Montreal is a favorite race for the double Formula One world champion, a fast track where he celebrated his first pole position and victory in his stellar 2007 debut season with McLaren.
Since then, the Mercedes driver has won twice more in Canada.
"I think everything that needs to be said about Monaco has already been said. Obviously, it was a huge disappointment for me and also for the team," the Briton said before heading to Montreal.
"But we'll learn from it and move forwards together like we always do. I just want to get back out there and bounce back -- and I could hardly ask for a better place to do that than Montreal. This is always one of my favorite weekends."
Hamilton has suffered disappointments too at the Circuit Gilles Villeneuve, with its 300kph blasts and the 'Wall of Champions' at the treacherous final corner, and has yet to win there for Mercedes.
But when he has finished, it has been on the podium and his track record eclipses that of team mate and title rival Nico Rosberg.

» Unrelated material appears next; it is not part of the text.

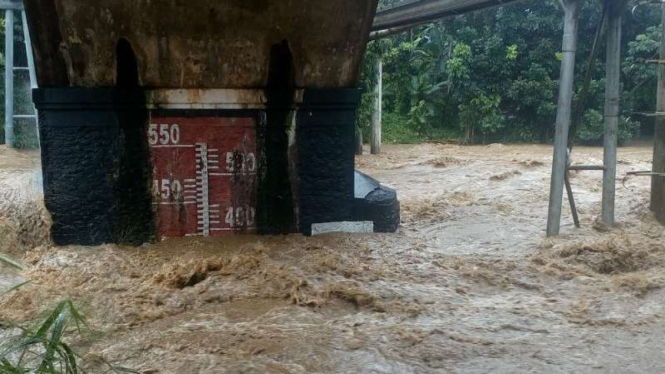 Debit air Sungai Ciliwung terus meningkat dan sudah pada posisi siaga satu berdasarkan pemantauan di pos pantau Ciliwung di Depok, Jawa Barat, pada Senin siang, 5 Februari 2018.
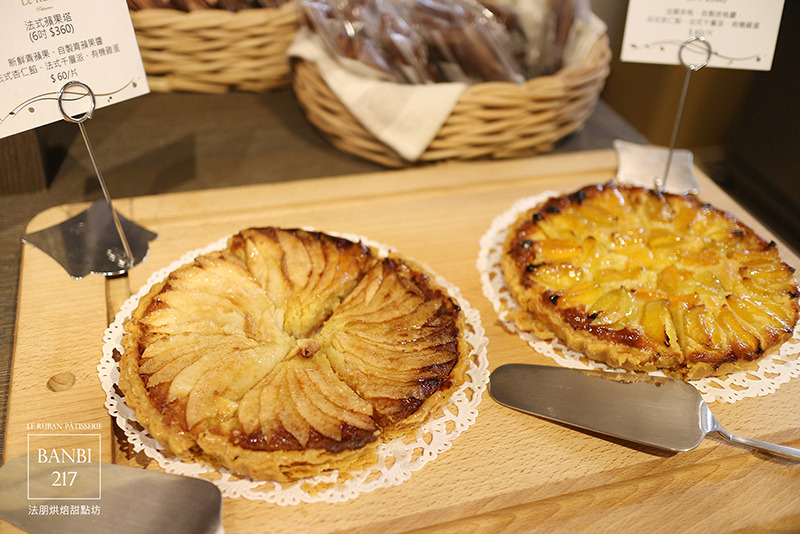 Banbi217 美食旅遊: [Le Ruban Pâtisserie 法朋法式烘焙甜點坊]令人瘋狂的排隊好吃蛋糕,草莓季推出草莓蛋糕捲、草莓塔、草莓蛋糕(捷運信義線信義安和站美食與下午茶)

Three-nil on wins, 4-1 on podium appearances, 3-1 on poles and 6-1 on front row starts, the statistics all point to Hamilton.
"The racing is fantastic, the city is a lot of fun and the crowds are really enthusiastic...and it's given me some great memories, including my first win," said the Briton.
"I know I've got the car underneath me and the team behind me to do it again, so I'm aiming for nothing less."
Rosberg, who became only the fourth driver to win Monaco three times in a row after Mercedes blew a surefire victory for Hamilton by calling him in for a needless pitstop while leading, is not to be under-estimated however.
The German, now only 10 points adrift of his championship-leading team mate after six races, qualified on pole in Montreal last year and is aiming for a hat-trick of wins for the season.
Both Mercedes drivers have new power units, having completed six race weekends on the previous ones, while rivals Ferrari may have upgrades to theirs.
Red Bull's Daniel Ricciardo, a first time winner in Montreal last year, can only dream of such reliability but the race -- traditionally hard on brakes and engines -- can throw up surprises.
The Australian is on his fourth and final penalty-free engine already, with the team leaving Monaco mulling whether to take a hit and use a fifth in Canada.
Ferrari, who have not won since 2004 at a circuit named after their late local hero, will be hoping four times world champion Sebastian Vettel can at least finish on the podium for the sixth time in seven races.
Williams are confident too of a much better showing after failing to score in Monaco while McLaren's Fernando Alonso aims to open his account for the season two weeks after Jenson Button did the same.